Une histoire qui n’a aucun sens, un délire difficile à croire. Le père de Foffo appelle son avocat et ensemble ils préviennent les carabiniers. C’est le soir du 5 mars.

Scène de crime et sans motif

Les enquêteurs qui entrent dans la maison de Foffo sont confrontés à une scène horrible, beaucoup ont encore du mal à repenser à ce qu’ils ont vu. Prato est retrouvé dans la chambre d’hôtel où il a tenté de se suicider en ingérant de l’alcool et de la drogue. Il a laissé des dieux cartes d’adieu pour les membres de la famille dans lequel, entre autres, il demande une greffe de cheveux avant la crémation et qu’on lui laisse du vernis rouge sur les ongles. Mais Prato n’est pas mort, emmené à l’hôpital, il récupère. Et ne montre immédiatement aucun signe de repentance. À ce moment-là, Foffo raconte déjà tout pendant l’interrogatoire : lui et Prato ont tué un garçon qu’ils ne connaissaient même pas bien, sans véritable raison. Pas de vengeance, pas de motifs économiques, rien. Et ça “l’abîme humain lucide” dont parlera le procureur général de la cassationc’est celui la la vérité troublante ce qui a incité l’écrivain Nicolas Lagioia raconter cette histoire et questionner le mal (et sa proximité avec nous) dans un livre, La ville des vivantsqui est ensuite devenu un podcast et un spectacle sur scène.

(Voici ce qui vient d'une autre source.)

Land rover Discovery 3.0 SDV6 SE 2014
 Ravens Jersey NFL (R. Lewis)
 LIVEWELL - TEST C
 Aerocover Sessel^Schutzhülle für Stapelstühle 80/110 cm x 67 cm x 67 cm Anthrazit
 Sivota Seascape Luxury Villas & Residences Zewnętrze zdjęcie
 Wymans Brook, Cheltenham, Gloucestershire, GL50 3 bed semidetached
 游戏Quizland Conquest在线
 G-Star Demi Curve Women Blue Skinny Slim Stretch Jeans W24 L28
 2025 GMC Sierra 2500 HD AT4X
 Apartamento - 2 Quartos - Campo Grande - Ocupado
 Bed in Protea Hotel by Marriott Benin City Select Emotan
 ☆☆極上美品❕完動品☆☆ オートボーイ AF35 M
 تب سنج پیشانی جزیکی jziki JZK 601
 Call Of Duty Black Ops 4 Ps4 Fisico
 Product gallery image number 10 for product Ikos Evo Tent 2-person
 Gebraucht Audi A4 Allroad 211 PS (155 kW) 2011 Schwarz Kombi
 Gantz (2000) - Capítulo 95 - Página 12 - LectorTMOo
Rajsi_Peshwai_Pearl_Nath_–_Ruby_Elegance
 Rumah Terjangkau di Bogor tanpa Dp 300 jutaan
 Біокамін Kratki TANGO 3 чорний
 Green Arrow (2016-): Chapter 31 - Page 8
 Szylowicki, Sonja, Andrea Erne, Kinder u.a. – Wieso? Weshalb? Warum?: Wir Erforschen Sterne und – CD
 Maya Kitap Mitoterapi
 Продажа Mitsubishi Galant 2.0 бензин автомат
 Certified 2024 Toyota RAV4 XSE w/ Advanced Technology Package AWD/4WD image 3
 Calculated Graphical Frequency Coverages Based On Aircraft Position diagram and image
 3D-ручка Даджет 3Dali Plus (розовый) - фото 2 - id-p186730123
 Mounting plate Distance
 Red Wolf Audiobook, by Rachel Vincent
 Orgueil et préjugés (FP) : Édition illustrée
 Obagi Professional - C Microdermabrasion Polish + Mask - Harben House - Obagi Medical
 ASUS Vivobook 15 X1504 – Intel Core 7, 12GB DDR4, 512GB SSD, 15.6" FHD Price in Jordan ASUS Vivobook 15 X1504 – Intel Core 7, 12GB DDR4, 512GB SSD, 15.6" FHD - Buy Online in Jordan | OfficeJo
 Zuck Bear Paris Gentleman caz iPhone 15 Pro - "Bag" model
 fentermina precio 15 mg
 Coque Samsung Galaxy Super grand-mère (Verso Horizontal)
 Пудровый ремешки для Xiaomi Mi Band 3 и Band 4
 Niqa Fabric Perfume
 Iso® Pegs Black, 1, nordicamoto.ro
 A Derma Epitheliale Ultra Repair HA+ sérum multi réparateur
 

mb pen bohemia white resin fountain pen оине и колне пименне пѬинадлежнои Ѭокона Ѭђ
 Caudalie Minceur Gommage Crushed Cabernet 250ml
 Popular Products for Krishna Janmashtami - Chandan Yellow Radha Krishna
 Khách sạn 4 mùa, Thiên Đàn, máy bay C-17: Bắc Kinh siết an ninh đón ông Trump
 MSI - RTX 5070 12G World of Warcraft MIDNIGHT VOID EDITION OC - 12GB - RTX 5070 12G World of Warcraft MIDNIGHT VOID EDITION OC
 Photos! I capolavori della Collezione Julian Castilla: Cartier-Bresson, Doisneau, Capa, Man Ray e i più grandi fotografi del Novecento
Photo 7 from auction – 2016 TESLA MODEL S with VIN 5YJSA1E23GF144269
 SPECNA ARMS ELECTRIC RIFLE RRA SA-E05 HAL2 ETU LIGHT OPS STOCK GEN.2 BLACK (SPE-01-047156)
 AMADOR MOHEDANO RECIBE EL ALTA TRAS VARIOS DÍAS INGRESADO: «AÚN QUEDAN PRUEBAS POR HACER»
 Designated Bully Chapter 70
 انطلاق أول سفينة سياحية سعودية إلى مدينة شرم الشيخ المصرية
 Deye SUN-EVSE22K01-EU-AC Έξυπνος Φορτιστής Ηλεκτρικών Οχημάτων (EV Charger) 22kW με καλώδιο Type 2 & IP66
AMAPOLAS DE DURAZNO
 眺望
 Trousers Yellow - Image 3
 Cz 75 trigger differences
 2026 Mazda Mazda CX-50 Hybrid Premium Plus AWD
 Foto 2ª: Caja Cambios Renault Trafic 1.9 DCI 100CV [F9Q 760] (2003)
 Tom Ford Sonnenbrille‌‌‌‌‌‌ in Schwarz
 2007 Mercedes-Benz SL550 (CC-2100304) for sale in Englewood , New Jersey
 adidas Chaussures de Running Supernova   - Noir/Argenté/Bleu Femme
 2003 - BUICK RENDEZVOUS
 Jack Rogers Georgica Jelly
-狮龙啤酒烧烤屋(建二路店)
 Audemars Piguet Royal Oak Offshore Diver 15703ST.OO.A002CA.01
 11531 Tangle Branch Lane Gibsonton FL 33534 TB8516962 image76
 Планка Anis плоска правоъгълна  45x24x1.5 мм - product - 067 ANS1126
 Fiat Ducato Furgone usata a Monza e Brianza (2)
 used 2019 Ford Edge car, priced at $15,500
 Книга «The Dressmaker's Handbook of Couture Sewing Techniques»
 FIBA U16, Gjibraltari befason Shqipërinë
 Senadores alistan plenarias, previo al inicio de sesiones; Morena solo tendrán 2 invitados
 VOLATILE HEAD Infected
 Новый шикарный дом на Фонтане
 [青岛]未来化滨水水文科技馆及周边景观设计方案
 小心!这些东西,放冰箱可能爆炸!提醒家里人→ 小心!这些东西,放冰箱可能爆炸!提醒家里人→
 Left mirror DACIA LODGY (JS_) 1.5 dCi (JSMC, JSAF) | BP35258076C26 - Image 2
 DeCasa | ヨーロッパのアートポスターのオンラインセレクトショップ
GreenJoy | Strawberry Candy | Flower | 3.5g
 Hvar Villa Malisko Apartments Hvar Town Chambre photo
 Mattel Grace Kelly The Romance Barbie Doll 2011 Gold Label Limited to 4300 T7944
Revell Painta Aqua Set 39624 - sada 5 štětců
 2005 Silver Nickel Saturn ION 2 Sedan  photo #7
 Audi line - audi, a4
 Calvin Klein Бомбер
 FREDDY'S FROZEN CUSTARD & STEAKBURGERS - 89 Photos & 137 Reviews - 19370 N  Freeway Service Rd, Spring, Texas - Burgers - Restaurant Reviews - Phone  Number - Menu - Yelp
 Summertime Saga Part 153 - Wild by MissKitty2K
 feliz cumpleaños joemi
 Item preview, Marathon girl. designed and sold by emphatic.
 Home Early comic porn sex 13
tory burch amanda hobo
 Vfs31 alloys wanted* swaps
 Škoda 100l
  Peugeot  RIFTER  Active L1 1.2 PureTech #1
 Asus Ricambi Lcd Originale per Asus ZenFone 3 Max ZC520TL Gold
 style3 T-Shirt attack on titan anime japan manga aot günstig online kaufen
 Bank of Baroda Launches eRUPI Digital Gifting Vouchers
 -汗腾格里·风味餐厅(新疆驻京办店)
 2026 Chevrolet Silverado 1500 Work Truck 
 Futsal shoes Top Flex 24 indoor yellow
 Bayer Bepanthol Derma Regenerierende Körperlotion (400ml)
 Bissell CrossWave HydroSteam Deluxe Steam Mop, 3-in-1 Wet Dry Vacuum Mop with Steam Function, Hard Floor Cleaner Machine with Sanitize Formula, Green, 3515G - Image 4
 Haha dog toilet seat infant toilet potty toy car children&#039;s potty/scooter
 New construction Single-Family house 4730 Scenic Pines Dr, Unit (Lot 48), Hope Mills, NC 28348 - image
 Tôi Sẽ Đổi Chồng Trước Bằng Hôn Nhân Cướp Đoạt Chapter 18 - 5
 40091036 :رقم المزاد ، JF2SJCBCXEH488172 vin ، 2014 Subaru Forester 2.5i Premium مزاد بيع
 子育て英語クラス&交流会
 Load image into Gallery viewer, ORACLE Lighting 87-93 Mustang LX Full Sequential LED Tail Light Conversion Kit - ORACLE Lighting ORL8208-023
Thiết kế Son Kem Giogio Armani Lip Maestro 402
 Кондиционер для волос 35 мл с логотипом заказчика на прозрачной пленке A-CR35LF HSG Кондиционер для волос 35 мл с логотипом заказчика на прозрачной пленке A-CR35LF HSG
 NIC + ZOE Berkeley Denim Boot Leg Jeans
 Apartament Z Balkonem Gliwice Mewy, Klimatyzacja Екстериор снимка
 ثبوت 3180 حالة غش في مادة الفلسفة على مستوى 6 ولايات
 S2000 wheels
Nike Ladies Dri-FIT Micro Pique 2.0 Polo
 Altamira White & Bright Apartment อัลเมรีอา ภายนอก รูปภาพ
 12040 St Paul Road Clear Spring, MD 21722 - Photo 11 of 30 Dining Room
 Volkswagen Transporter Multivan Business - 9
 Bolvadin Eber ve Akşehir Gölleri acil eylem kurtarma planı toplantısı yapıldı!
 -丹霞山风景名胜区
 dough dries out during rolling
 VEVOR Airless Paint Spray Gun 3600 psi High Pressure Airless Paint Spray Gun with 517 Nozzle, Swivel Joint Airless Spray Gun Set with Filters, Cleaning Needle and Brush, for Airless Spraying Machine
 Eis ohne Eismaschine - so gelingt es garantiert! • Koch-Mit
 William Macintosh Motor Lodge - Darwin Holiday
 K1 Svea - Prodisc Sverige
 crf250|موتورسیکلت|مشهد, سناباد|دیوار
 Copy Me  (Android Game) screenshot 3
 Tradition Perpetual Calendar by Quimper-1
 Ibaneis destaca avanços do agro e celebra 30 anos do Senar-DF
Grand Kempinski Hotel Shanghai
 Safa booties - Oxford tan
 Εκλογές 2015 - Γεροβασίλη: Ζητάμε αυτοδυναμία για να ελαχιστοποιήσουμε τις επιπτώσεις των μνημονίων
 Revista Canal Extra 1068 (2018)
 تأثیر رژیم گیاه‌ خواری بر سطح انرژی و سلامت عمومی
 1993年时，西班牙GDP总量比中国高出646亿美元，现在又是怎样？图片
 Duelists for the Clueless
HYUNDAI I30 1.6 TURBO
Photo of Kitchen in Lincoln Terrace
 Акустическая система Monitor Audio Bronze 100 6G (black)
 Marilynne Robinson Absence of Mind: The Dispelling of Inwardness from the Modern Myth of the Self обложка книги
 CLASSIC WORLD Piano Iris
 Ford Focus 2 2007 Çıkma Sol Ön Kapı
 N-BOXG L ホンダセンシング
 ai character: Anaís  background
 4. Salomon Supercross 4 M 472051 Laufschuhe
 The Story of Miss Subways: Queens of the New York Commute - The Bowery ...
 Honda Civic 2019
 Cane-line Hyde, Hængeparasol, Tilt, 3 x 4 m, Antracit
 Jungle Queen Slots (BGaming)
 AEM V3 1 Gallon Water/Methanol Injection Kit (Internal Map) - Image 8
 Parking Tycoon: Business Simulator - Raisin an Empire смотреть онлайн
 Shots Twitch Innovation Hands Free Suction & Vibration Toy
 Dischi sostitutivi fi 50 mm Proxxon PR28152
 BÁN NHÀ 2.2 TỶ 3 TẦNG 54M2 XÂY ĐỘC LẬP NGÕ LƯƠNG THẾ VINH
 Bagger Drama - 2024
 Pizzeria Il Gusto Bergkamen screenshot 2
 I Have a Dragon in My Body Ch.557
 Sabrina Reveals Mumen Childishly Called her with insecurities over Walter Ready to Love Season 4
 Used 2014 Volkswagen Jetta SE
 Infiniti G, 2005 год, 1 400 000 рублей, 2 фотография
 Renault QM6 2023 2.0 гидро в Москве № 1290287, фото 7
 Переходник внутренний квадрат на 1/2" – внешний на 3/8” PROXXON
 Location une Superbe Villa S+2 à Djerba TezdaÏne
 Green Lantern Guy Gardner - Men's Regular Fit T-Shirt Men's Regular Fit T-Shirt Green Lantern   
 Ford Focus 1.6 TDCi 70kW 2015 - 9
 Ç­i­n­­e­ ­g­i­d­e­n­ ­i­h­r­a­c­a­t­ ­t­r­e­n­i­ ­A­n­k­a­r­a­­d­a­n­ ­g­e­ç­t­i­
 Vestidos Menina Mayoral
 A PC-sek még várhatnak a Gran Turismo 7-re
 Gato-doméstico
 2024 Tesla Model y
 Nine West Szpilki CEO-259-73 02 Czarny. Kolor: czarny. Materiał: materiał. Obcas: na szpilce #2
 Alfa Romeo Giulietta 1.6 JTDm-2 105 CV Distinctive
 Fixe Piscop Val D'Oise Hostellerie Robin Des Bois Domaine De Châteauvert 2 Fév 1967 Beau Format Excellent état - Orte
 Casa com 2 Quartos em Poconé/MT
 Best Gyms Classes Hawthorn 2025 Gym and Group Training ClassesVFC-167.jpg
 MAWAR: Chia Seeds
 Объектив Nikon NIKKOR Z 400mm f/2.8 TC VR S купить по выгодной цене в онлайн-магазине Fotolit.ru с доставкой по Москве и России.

Marco Prato s’est suicidé à la prison de Velletri en juin 2017, avant le jugement de première instance. Il a laissé une note disant qu’il était innocent. Manuel Foffo, qui avait plutôt choisi la procédure abrégée, a été définitivement condamné à 30 ans de prisonen 2019. Le 23 janvier dernier, jour de la naissance de Luca Varani, sa petite amie écrivait une publication sur Facebook: «Il ne se passe pas un jour sans que je pense à toi, mais c’est seulement parce que je n’arrive pas à me faire la paix que tu n’es plus là pour illuminer le monde de tes splendides yeux rieurs. (…) il me semble injuste et impossible de penser que chaque année j’en ai un de plus et que tu auras toujours 23 ans».